While doing basic monitoring we saw in logs below message that the sockets are showing reset and managed servers status on admin console were outdated.
[weblogic.rjvm.PeerGoneException: No message was received for: '240' seconds] [ServiceException]>
On more investigation we found that it was due to a network failure between machines and managed servers. The inconsistency of the cluster was caused because of the network connectivity issues.
AdminMBean (Runtime Bean) will poll to the members in the cluster periodically. The polling failed due to the Peer Gone exception.
Usually this exception occurrs due to network failure. The exceptions are thrown due to the issue in synchronization of the members in the cluster
Eg: Exception stack trace:
Unexpected Exception - with nested exception: [weblogic.rjvm.PeerGoneException: No message was received for: '240' seconds] [ServiceException]> [weblogic.rjvm.PeerGoneException: No message was received for: '240' seconds] [ServiceException]> weblogic.jms.dispatcher.DispatcherException: Could not register a HeartbeatMonitorListener for [Delegate(32547220) [[email protected] RMI:weblogic.jms.dispatcher.DispatcherImpl:0000000000000000 @ipaddress:port , class weblogic.jms.dispatcher.DispatcherImpl]] for weblogic.jms.C:SP-Scale-93241:3kx:-i at weblogic.jms.dispatcher.DispatcherWrapperState.addPeerGoneListener(DispatcherWrapperState.java:580)

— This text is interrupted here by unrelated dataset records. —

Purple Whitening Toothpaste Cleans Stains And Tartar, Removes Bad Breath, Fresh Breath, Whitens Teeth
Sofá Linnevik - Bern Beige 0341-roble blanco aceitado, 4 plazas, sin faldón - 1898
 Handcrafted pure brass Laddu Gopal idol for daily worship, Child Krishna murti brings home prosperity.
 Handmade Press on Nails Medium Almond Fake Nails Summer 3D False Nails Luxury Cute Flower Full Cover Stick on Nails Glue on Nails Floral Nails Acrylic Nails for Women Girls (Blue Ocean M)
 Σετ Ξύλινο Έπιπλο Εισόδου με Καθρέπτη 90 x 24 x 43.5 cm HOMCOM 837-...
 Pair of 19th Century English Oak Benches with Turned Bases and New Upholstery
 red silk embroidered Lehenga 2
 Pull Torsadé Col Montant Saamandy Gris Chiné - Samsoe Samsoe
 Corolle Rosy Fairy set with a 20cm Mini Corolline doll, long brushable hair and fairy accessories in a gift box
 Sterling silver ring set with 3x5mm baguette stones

To fix this kind of issues make sure all the network issues are resolved across the cluster configuration eg. providing Valid IP Addresses/DNS names/Port numbers and restart the WebLogic Server.
For more knowledge on what exactly the network issue we can use tools like below and analyse it.
mtr, tcpdump and tshark – Useful for seeing what’s happening in network.
Netcat. Test if TCP services are listening.